Solving Real World Issues With RCzechia

Jindra Lacko

2023-02-24

Visualizing Czech Population

Population of the Czech Republic as per the latest census in 2011, per district (okres). The results can be easily accessed from the comfort of your R session using the excellent package {czso} by Petr Bouchal.

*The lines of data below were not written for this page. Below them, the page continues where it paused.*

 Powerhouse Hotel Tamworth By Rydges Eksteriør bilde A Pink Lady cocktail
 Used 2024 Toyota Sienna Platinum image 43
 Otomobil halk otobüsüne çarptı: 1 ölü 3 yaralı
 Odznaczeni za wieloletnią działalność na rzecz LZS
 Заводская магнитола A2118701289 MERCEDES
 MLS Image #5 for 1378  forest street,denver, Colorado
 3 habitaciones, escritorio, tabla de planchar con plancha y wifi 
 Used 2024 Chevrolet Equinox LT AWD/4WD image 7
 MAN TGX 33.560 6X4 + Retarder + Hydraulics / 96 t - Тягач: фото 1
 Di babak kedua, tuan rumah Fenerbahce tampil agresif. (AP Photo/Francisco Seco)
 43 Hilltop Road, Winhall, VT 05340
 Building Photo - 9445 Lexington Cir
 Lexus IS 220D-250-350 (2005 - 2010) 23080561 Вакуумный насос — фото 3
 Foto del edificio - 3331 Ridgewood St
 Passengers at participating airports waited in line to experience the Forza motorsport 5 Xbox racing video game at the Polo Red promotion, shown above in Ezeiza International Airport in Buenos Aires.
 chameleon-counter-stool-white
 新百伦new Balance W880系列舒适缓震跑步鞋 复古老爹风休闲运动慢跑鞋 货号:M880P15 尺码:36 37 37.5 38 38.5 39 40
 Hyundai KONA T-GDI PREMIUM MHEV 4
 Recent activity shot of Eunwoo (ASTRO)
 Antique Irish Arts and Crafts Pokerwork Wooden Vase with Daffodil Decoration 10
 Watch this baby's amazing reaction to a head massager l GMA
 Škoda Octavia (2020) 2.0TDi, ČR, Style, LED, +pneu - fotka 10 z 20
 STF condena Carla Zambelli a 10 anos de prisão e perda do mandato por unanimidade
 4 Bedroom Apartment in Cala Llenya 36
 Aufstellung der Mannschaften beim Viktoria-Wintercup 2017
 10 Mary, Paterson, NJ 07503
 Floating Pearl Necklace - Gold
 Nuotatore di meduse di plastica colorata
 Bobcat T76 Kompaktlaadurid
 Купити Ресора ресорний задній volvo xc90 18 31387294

As the population distributed highly unevenly a log scale is used.

library(RCzechia)
library(ggplot2)
library(readxl)
library(dplyr)
library(httr)

tf <- tempfile(fileext = ".xls") # a temporary xls file
GET("https://raw.githubusercontent.com/jlacko/RCzechia/master/data-raw/zvcr034.xls",
    write_disk(tf))
## Response [https://raw.githubusercontent.com/jlacko/RCzechia/master/data-raw/zvcr034.xls]
##   Date: 2023-02-24 08:38
##   Status: 200
##   Content-Type: application/octet-stream
##   Size: 44.5 kB
## <ON DISK>  /tmp/RtmpWqnVtP/file19597494aefe.xls

src <- read_excel(tf, range = "Data!B5:C97") # read in with original column names

colnames(src) <- c("NAZ_LAU1", "obyvatel") # meaningful names instead of the original ones
src <- src %>%
  mutate(obyvatel = as.double(obyvatel)) %>%
    # convert from text to number
  mutate(NAZ_LAU1 = ifelse(NAZ_LAU1 == "Hlavní město Praha", "Praha", NAZ_LAU1))
    # rename Prague (from The Capital to a regular city)

okresni_data <- RCzechia::okresy("low") %>% # data shapefile
  inner_join(src, by = "NAZ_LAU1")
    # key for data connection - note the use of inner (i.e. filtering) join

# report results
ggplot(data = okresni_data) +
  geom_sf(aes(fill = obyvatel), colour = NA) +
  geom_sf(data = RCzechia::republika("low"), color = "gray30", fill = NA) +
  scale_fill_viridis_c(trans = "log", labels = scales::comma) +
  labs(title = "Czech population",
       fill = "population\n(log scale)") +
  theme_bw() +
  theme(legend.text.align = 1,
        legend.title.align = 0.5)

plot of chunk census

Geocoding Locations & Drawing them on a Map

Drawing a map: three semi-random landmarks on map, with rivers shown for better orientation.

To get the geocoded data frame function RCzechia::geocode() is used.

library(RCzechia)
library(ggplot2)
library(sf)

borders <- RCzechia::republika("low")

rivers <- subset(RCzechia::reky(), Major == T)

mista <- data.frame(misto =  c("Kramářova vila",
                               "Arcibiskupské zahrady v Kroměříži",
                               "Hrad Bečov nad Teplou"),
                    adresa = c("Gogolova 212, Praha 1",
                               "Sněmovní náměstí 1, Kroměříž",
                               "nám. 5. května 1, Bečov nad Teplou"))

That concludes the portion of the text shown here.